Dari Jabir ia. berkata,
Kami biasa menyewa tanah dengan mendapatkan sebagai dari hasil , kemudian kami
mendapat hasil tanah itu begini dan begini. Maka sabda Nabi:, Barangsiapa
memiliki tanah, maka tanamilah sendiri atau suruhlah saudaranya untuk
menanaminya, kalau tidak, tinggalkanlah.
Sungguh salah seorang
di antara kamu akan memberikan tanahnya kepada kawannya, lebih baik daripada
dia mengambil atas tanahnya itu hasil yang ditentukan.

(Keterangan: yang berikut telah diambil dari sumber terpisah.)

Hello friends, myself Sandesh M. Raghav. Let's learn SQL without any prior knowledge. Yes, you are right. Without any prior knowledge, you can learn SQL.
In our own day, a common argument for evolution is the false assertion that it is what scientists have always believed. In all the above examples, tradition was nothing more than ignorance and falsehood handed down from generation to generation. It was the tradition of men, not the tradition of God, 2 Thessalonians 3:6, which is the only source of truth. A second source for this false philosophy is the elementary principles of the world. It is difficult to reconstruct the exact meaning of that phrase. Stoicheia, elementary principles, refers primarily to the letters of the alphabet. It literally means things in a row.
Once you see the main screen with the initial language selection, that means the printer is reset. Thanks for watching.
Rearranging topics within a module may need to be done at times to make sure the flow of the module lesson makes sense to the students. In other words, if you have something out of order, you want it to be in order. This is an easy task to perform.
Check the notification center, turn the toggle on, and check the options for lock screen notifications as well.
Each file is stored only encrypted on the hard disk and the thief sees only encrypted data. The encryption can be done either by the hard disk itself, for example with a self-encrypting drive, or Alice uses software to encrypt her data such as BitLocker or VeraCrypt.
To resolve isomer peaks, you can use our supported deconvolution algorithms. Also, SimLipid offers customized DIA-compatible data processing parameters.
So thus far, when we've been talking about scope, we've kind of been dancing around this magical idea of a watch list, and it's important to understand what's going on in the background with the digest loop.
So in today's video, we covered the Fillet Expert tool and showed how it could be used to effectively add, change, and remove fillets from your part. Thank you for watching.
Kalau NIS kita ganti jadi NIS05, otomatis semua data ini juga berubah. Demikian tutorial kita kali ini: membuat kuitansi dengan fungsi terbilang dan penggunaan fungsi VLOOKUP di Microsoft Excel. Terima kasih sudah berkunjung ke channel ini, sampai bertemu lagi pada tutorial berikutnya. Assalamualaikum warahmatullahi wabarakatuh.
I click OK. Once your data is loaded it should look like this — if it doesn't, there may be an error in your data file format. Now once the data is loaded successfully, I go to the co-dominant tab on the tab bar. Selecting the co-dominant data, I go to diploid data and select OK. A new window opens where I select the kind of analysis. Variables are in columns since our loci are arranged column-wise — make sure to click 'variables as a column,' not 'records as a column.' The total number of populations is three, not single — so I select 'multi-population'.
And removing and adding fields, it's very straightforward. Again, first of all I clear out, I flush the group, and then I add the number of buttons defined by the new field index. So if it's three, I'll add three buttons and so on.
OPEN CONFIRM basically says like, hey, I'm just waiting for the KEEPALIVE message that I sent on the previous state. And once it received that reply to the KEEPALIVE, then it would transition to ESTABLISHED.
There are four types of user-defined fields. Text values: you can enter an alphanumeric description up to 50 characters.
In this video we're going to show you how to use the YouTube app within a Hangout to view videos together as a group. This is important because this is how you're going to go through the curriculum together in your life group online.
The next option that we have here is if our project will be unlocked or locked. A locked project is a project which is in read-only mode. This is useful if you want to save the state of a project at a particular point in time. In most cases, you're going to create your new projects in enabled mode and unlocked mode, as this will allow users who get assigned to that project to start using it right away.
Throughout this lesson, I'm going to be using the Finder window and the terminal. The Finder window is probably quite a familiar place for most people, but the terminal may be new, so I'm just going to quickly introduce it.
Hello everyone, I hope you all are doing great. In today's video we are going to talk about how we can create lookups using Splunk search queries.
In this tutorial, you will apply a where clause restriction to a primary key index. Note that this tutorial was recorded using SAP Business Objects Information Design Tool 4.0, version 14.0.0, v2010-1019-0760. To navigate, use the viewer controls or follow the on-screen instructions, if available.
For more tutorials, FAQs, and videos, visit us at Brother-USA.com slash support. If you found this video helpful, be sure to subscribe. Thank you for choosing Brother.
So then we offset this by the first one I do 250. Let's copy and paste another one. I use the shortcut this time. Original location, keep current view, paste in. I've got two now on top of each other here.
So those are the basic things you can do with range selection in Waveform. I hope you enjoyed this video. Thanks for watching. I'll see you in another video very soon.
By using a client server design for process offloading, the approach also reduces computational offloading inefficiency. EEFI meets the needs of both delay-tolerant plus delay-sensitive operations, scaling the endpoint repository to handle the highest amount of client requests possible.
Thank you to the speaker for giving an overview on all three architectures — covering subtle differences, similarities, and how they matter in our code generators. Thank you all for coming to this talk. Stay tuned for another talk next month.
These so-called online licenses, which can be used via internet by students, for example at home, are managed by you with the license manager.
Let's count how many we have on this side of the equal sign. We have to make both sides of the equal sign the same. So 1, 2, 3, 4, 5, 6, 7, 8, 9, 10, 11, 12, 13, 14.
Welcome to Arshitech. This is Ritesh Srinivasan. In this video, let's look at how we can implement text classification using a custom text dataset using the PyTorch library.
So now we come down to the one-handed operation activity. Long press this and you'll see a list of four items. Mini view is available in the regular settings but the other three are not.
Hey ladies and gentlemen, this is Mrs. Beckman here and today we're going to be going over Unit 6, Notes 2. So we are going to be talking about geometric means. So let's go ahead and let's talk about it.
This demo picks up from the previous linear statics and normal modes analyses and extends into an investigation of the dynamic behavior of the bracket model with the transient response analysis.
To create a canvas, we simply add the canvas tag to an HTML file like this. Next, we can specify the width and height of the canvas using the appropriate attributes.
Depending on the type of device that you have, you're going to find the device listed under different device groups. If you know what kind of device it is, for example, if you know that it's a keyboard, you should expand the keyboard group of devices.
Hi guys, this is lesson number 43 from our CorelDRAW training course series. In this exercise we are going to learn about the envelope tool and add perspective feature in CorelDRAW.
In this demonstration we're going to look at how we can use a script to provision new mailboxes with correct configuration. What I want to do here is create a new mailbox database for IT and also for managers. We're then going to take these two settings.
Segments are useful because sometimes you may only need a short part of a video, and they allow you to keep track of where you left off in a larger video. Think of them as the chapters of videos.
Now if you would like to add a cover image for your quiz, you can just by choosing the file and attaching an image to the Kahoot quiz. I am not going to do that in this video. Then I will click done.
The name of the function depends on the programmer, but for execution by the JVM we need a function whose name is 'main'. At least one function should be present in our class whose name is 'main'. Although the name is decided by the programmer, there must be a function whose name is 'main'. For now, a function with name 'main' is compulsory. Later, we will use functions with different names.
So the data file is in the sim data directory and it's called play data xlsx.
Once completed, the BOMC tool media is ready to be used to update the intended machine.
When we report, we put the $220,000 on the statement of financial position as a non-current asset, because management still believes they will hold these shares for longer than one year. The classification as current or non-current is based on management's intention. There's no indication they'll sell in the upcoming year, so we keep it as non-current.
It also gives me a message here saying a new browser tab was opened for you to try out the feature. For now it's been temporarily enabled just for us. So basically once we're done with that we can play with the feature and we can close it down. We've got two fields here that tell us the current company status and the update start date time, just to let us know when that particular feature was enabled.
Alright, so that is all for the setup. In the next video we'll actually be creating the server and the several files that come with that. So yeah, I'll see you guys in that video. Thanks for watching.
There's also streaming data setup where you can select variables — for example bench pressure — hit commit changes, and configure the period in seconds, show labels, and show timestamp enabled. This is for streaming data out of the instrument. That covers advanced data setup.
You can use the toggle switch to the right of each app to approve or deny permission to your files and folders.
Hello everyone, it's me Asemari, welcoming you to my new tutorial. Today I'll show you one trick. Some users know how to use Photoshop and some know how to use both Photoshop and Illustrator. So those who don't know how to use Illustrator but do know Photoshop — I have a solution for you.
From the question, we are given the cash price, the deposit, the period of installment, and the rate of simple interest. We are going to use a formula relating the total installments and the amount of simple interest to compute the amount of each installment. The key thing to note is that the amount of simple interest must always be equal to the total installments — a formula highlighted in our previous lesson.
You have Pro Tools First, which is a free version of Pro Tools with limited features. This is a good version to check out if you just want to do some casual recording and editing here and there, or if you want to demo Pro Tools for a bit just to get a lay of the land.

Cara ketiga ialah dengan cara muzara’ah,
yaitu pemilik tanah menyerahkan alat, benih dan hewan kepada yang hendak
menanaminya dengan suatu ketentuan dia akan mendapat hasil yang telah
ditentukan, misalnya: 1/2, 1/3 atau kurang atau lebih menurut persetujuan
bersama. Boleh juga si pemilik tanah itu membantu kepada yang hendak menaminya
berupa bibit, alat atau hewan. Cara seperti ini disebut: muzara’ah, musagaat
atau mukhabarah.
Dalam hadis yang
diriwayatkan oleh Imam Bukhari dan Muslim diterangkan, bahwa Rasulullah s.a.w.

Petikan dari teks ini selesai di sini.